Flour pressed into more profit
Profit after tax grew to TT$9.2 million up marginally from $9 million for the March quarter, this year at Trinidad’s National Flour Mills, from declining revenues of $111.2 million compared with $121.5 million in the 2015 quarter.
The company enjoyed earnings per share of 8 cents, compared with 7 cents in the 2015 quarter and 28 cents for the full year, in 2015 and could end up around 32 cents for the 2016 if the current trend continues.
The lower revenues “reflect the contraction in demand locally, and some timing differences with respect to large export orders which the company now pursues vigorously. Cost containment measures continue to provide the cash cushion to execute planned capital projects. Thus, growth in the regional export markets and more local content are priority strategies to improve both our sales revenues and foreign currency position” says Chairman Mike Bazle in his commentary accompanying the company’s quarterly results.
“It is thus important to note that the current economic environment continues to challenge the Company, particularly with respect to the timely supply of foreign exchange which is central to the financing of NFM’s grain purchases. When taken together with the cost implications of declining TT currency values, the company’s intention is to manage these additional costs, as key priorities, in order to ameliorate the impact on our customers,” the Chairman went on to say.
Despite the falling revenue, gross profit rose from $29.8 million to $31 million while Selling and distribution expenses were static at $7.8 million and Administrative expense declined to $10.74 million from $11.85 million.

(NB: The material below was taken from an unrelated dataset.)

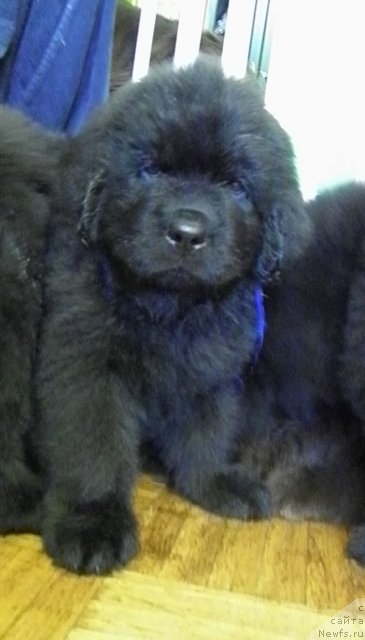 Фото: ньюфаундленд CHeyzer CHeyn Nayt (Чейзер Чейн Найт)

Borrowing funds jumped to $122.78 million from $94 million compared to shareholders equity of $204 million.
The company is listed on the Trinidad and Tobago Stock Exchange and last traded at $2.20, with a PE around 7 times this year’s earnings and is priced below the average stock on the TTSE market. With recession and devaluation of the Trinidad currency investors are not aggressive in picking up stocks.

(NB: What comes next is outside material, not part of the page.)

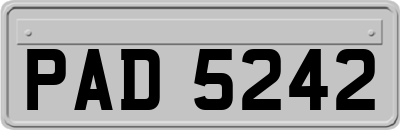 PAD5242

JSE first quarter results jump
Jamaica Stock Exchange reported a 44 percent jump in the first quarter profit to $126 million, from $87 million in 2015 for the three months ending March. The growth in profit flowed from revenues of $327 million, a 29 percent increase over the $253 million in 2015. The increase this year comes against the background that the quarter in 2015 results came from a loss position of $2.3 million.
Earnings per share ended at 89 cents in 2016 versus 62 cents in 2015. Profit before tax, grew from $130 million in 2015 to $187 million, with tax taking $61 million in the 2016 first quarter from $43 million.

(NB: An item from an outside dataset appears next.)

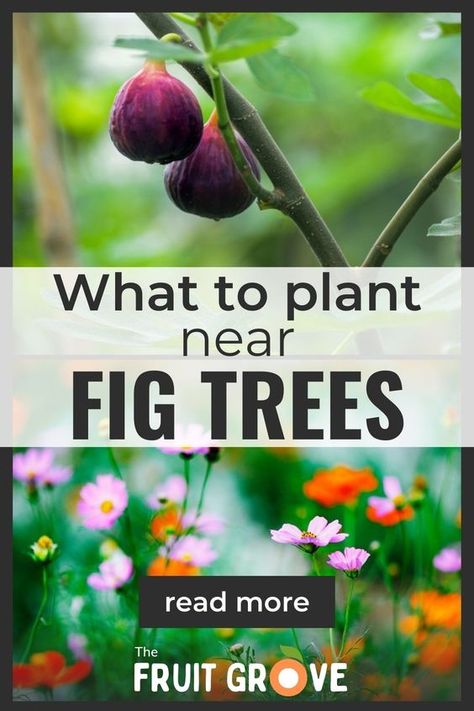 Grow a happier, healthier fig tree by choosing the right fig companion plants! Learn what to plant under a fig tree to maximize its growth and yield, keep away the pests, and attract pollinating insects. While you’re at it, find out what plants to avoid growing near fig trees, too. Click the article to discover the best practices for planting under your fig, from sunlight considerations to spacing strategies. A flourishing fig tree awaits! Fig Tree Garden Design, Fig Trees In Pots, Desert King Fig Tree, Fig Tree In Garden, Fig Tree Companion Plants, How To Propagate A Fig Tree, Planting Fig Trees, Fig Tree Guild, Fig Tree Landscaping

Revenues growth benefited from increased trading activities this year over 2015, new business from the handling of repo business and from a big trade in the shares of Desnoes and Geddes, in 2015 there was a large trade in the shares of Scotia Group.
Expenses climbed at a slower pace than income, with an increase of 16 percent to end at $150 million. Wages climbed from $46 million to $57 million due to salary increases and additional staffing. Advertising and amortization is up from $14 million to $20.7 million, while other operating cost rose by $10.6 million from $5 million.
At the end of the quarter, cash and equivalent stood at $589 million and equity capital climbed to $751 million up from $649 million at the end of March 2015.
JSE’s stock traded on the Jamaica Stock Exchange with the price closing at $21 on Thursday.